Unten Folie. Oben Kies oder Schotter. Unterm Strich eine Versiegelung der Oberfläche. Nichts kann versickern, das schafft Probleme für den natürlichen Wasserhaushalt. Und die Kanalisation. Die ist meist jetzt schon bei Starkregenfällen überlastet. Und strahlt im Sommer so richtig die Sonne, sorgen die Gärten für nachhaltige Heizeffekte.
"Dadurch das keine Pflanzen wachsen in den Gärten wird auch keine Verdunstungskühle produziert. Gleichzeitig speichern die Steine die Hitze und geben sie dann in der Nacht an die Umgebung ab, das heißt, es kommt hier lokal zu Temperaturerhöhungen."

Streit um die Steinwüsten in den Kommunen

In den Zeiten von Artenschwund und Klimawandel haben inzwischen die ersten Kommunen die Notbremse gezogen. Und einen Schotter-Stopp für Neubaugebiete verhängt
"In Dortmund ist es so, in Darmstadt ist es so, in verschiedenen Städten wird es gerade auf den Weg gebracht."
Das aber sorgte prompt politisch für Ärger. Die CDU-Dortmund etwa protestierte. Dabei ist ein ausdrückliches Verbot oft nur eine Bekräftigung bereits bestehender Regelungen. In Berlin zum Beispiel gibt es Paragraph 8 der Bauordnung.
"Eigentlich ist es in Berlin auch gar nicht zulässig, diese Gärten anzulegen, denn die Bauordnung sagt, dass die Geländeflächen, die nicht bebaut sind, wasseraufnahmefähig herzustellen sind oder zu belassen sind und dass sie zu begrünen und zu bepflanzen sind."
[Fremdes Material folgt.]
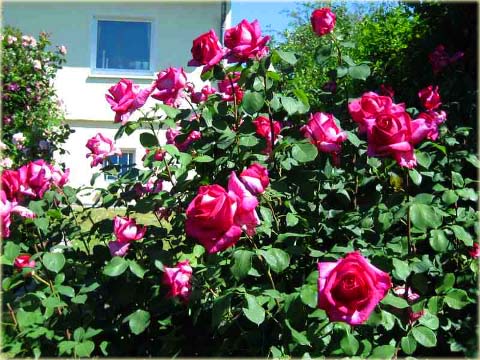 Róża wielkowiatowa Perola Large flowered rose Parole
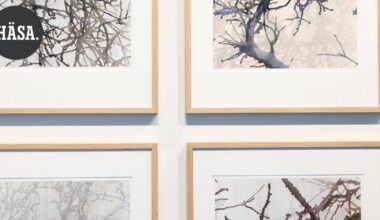 Kuvataidearvio | Taidehalli Hämeen puhuttelevassa näyttelyssä on peilauspintana luonto | Paikalliset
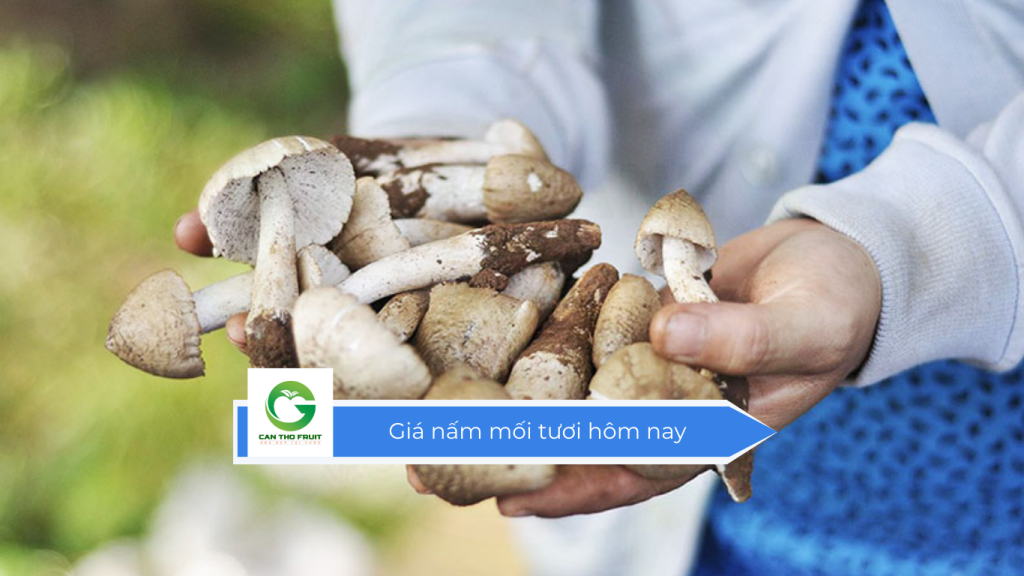 Giá nấm mối tươi hôm nay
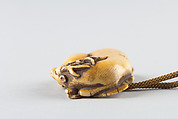 Netsuke in the Shape of a Deer, Ivory, Japan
Die Mutter mit dem Sohn auf dem Fahrradsattel schiebt die letzten Meter durchs Neubaugebiet. Beim Starkregen im Juli 2018 standen hier etliche Keller unter Wasser. Die Kanalisation war mit den ablaufenden Wassermassen überfordert.
Pünktlich zu Beginn der Gartensaison hat auch die junge Familie das Bau-Markt-Angebot studiert. Nun will auch sie, nach neun Jahren, in die Steingärtnerei einsteigen.
"Wir wollen. Wegen des Unkrauts, damit es ordentlicher ist."
Schwarz-weiß soll die Steinlandschaft werden. Ordentlich. Und kontraststark. Und dabei will sich die Familie von niemandem reinreden lassen.
"Man kauft ein Grundstück. Und dann darf man sich, finde ich auch aussuchen, wie man es gestalten möchte. Man hat ja schon die Auflage soundso viel sollte bebaut werden, da sollte einem die Freiheit schon gegeben werden, wie man möchte."